EXERCISE REQUIREMENTS
A word-for-word copy of the data, with no images, is the required answer.

SOURCE DATA
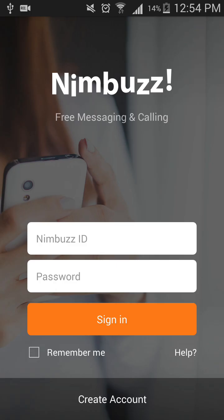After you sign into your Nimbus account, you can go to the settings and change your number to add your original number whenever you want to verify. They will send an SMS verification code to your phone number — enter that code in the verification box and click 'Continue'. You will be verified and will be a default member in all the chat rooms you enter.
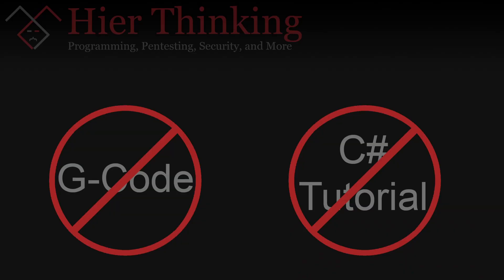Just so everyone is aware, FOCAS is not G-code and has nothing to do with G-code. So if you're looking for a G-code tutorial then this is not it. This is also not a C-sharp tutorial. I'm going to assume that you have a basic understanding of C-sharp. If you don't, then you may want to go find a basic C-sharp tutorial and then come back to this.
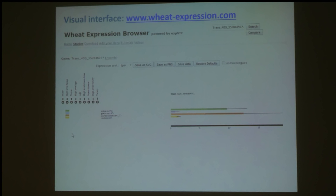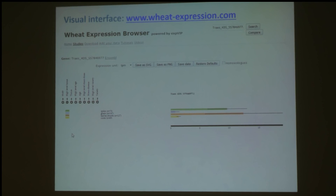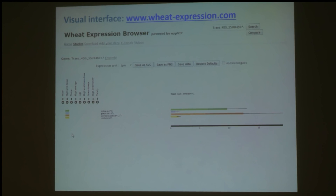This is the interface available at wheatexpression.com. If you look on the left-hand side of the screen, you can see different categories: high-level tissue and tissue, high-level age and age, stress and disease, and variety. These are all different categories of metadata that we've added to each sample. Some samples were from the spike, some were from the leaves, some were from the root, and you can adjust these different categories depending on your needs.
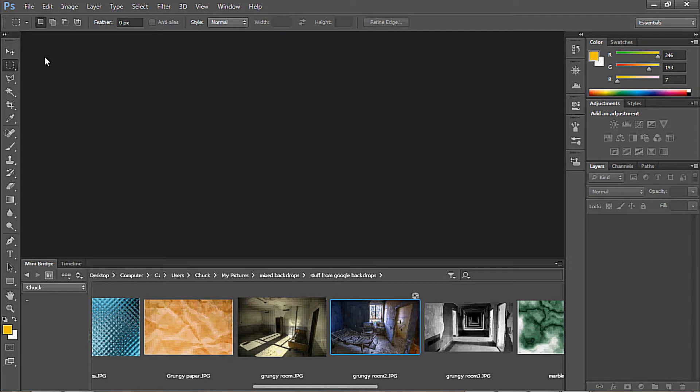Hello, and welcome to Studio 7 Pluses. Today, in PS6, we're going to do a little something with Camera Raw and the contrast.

EXERCISE OUTPUT
After you sign into your Nimbus account, you can go to the settings and change your number to add your original number whenever you want to verify. They will send an SMS verification code to your phone number — enter that code in the verification box and click 'Continue'. You will be verified and will be a default member in all the chat rooms you enter.
Just so everyone is aware, FOCAS is not G-code and has nothing to do with G-code. So if you're looking for a G-code tutorial then this is not it. This is also not a C-sharp tutorial. I'm going to assume that you have a basic understanding of C-sharp. If you don't, then you may want to go find a basic C-sharp tutorial and then come back to this.
This is the interface available at wheatexpression.com. If you look on the left-hand side of the screen, you can see different categories: high-level tissue and tissue, high-level age and age, stress and disease, and variety. These are all different categories of metadata that we've added to each sample. Some samples were from the spike, some were from the leaves, some were from the root, and you can adjust these different categories depending on your needs.
Hello, and welcome to Studio 7 Pluses. Today, in PS6, we're going to do a little something with Camera Raw and the contrast.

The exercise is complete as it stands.